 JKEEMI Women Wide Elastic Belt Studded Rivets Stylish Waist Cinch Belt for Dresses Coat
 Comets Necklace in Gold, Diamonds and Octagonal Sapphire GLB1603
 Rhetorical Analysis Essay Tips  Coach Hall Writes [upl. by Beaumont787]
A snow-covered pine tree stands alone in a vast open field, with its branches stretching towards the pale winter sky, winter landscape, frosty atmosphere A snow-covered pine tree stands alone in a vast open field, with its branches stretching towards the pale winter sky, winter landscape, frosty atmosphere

--

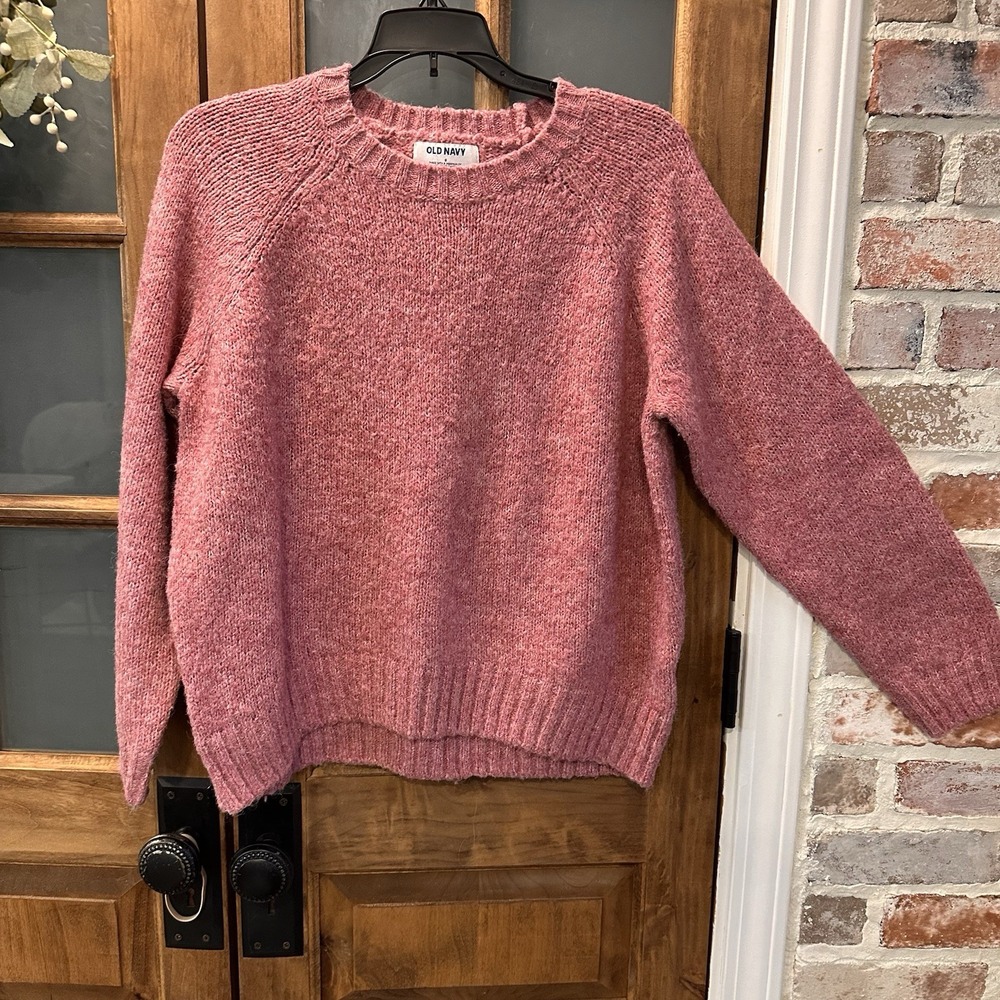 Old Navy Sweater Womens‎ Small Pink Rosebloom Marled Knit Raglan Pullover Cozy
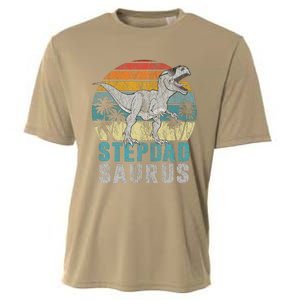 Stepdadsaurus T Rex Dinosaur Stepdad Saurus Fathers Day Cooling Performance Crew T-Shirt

--

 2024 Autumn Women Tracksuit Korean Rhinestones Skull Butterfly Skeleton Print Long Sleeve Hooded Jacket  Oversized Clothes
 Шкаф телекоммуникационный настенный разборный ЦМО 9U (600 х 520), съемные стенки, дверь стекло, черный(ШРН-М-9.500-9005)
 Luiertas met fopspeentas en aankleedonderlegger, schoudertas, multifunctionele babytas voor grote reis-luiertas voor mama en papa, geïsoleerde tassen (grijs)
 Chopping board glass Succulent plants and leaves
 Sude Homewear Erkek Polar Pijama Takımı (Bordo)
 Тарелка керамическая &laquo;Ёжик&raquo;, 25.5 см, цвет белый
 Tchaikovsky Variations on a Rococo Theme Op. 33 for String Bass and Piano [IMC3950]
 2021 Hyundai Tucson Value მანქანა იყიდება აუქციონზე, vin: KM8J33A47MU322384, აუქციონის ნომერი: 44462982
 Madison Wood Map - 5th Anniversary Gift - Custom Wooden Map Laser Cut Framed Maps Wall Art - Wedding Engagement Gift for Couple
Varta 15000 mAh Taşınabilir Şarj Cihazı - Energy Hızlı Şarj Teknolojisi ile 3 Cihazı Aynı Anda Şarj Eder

Required work:
Reproduce, character for character, only the lines of the preceding data that start at the line with "JKEEMI Women Wide" and end at the line with "frosty atmosphere A", both included.

Solved problem:
 JKEEMI Women Wide Elastic Belt Studded Rivets Stylish Waist Cinch Belt for Dresses Coat
 Comets Necklace in Gold, Diamonds and Octagonal Sapphire GLB1603
 Rhetorical Analysis Essay Tips  Coach Hall Writes [upl. by Beaumont787]
A snow-covered pine tree stands alone in a vast open field, with its branches stretching towards the pale winter sky, winter landscape, frosty atmosphere A snow-covered pine tree stands alone in a vast open field, with its branches stretching towards the pale winter sky, winter landscape, frosty atmosphere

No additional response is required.